Likewise, he says, development can play a role by making sure that each part of the city has adequate resources to meet its own basic needs. “Where I live in Brentwood, we don’t have really nice movie theaters to go to that are close to us. So if my kids want to see a movie, I have to drive them a half-hour away. That’s silly. Development can create traffic problems, but it can also solve them.”

Ultimately, though, Caruso says, a rail network is the only solution to the city’s transportation woes. But, he says, we need to rethink the way we approach that system. “Why is L.A. the only major city in the U.S. that doesn’t have a rail system? It’s been mismanaged. We spend a fortune in this city trying to build rapid transit underground. It’s 10, 20 times more expensive than building it above ground. Why are we doing that? How about elevated?”

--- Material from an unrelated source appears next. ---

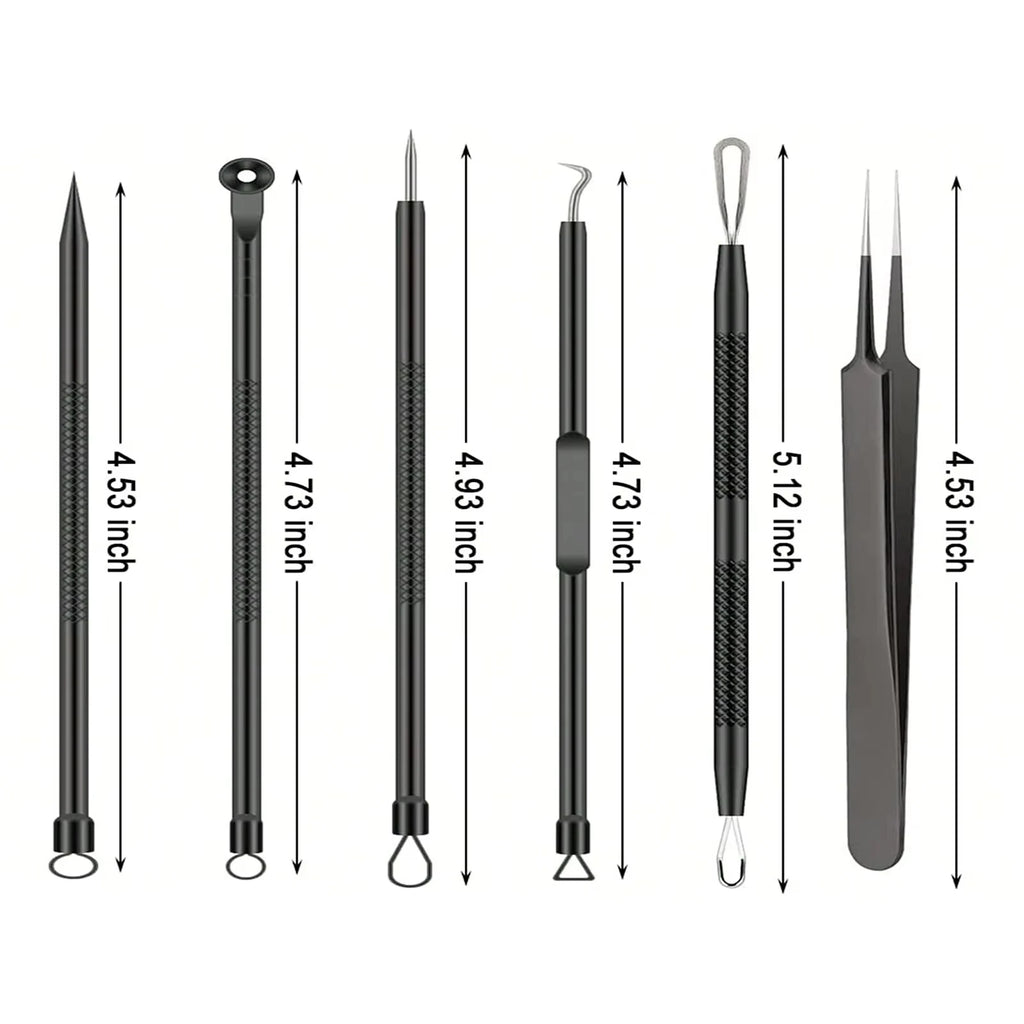 stainless steel acne needle set for extracting blackhead from nose deep pore cleaning skincare tool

As expected from a billionaire, Caruso is a bottom-line guy. If the numbers don’t crunch, it ain’t going to happen. This attitude has obviously made him successful, but has also prevented him from transcending his public image as a slick, wealthy developer into more of a civic figure along the lines of Eli Broad.

For all the thought and expense that went into the Americana, the project has no major solar-panel arrays — a somewhat surprising omission given Caruso’s DWP past.

“We tried to make solar panels work at the Americana,” Caruso explains, “but it just wasn’t cost-effective.”

That excuse falls a little flat when one takes a tour of the apartments at the Americana and sees yet another original Botero hanging above a fireplace in the common billiards room. If he can afford Botero, he can afford a solar panel or two.